How to get consistent decimal points for interval bounds using `cut()

38 Views Asked by At

How does one get consistent interval bound formatting when using cut() in R?

For example, the following interval bounds format will vary between 2 and 5 decimal points.

# Sample data
set.seed(1)
data <- runif(600, -1, 1.5)

intervals <- 15
# Create intervals with three decimal points
intervals <- cut(data, seq.int(min(data), max(data), length.out = intervals+1), include.lowest = TRUE)

# Display the intervals
intervals 

What I want is the interval bound formatting to be consistent with 3 decimal points. The closest I get is by introducing rounded breaks with 3 decimal points:

rounded_breaks <- round(
 seq(min(data), max(data), length.out = intervals + 1),
 3)
intervals <- cut(data, breaks = rounded_breaks, include.lowest = TRUE)

Although rounded_breaks holds values with 3 decimal points, cut() seems to drop the third decimal point if it is a 0, therefore rendering the format of the bounds to 2 decimal points.
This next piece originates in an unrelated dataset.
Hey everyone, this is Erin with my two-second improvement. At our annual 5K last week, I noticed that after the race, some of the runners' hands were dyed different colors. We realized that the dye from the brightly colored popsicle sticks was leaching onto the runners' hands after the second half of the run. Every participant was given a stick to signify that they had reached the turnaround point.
How can this be adjusted so that the 0 is still shown in the third decimal place of the intervals?

1

There are 1 best solutions below

0
MrFlick On

You can extract and re-format the numbers in the labels. Here's one way to do that

m <- gregexpr(r"{-?\d+\.\d+}", levels(intervals))
nums <- regmatches(levels(intervals), m)
regmatches(levels(intervals), m) <- lapply(nums, \(x) sprintf("%0.3f", as.numeric(x)))
levels(intervals)
#  [1] "[-0.995,-0.830]" "(-0.830,-0.664]" "(-0.664,-0.498]" "(-0.498,-0.333]"
#  [5] "(-0.333,-0.167]" "(-0.167,-0.001]" "(-0.001,0.165]"  "(0.165,0.330]"  
#  [9] "(0.330,0.496]"   "(0.496,0.662]"   "(0.662,0.827]"   "(0.827,0.993]"  
# [13] "(0.993,1.160]"   "(1.160,1.320]"   "(1.320,1.490]" 

We use regular expressions to find the numbers in the labels and use sprintf to format them with a certain number of decimal places.